*** Opening of Exercise input ***

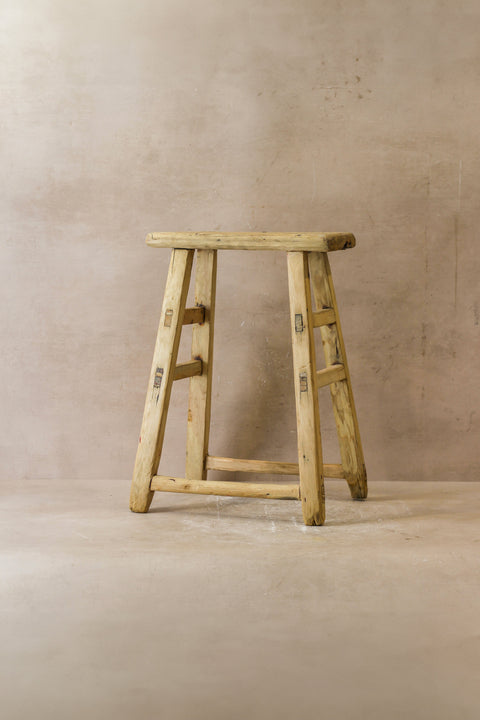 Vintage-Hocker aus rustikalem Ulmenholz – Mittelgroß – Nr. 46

*** Close of Exercise input ***
*** Opening of Exercise input ***

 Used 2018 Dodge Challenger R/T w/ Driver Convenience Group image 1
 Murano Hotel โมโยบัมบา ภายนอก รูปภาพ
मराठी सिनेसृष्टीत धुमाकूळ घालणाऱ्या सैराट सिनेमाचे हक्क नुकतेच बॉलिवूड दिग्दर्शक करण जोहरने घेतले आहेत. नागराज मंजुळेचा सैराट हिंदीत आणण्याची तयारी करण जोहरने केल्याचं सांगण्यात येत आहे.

*** Close of Exercise input ***

Task goal: Among the entries above, the line containing "Murano Hotel โมโยบัมบา ภายนอก รูปภาพ", the line containing "मराठी सिनेसृष्टीत धुमाकूळ", and all lines between them are to be restated word for word; nothing else belongs in the reply.

Response to this exercise:
 Murano Hotel โมโยบัมบา ภายนอก รูปภาพ
मराठी सिनेसृष्टीत धुमाकूळ घालणाऱ्या सैराट सिनेमाचे हक्क नुकतेच बॉलिवूड दिग्दर्शक करण जोहरने घेतले आहेत. नागराज मंजुळेचा सैराट हिंदीत आणण्याची तयारी करण जोहरने केल्याचं सांगण्यात येत आहे.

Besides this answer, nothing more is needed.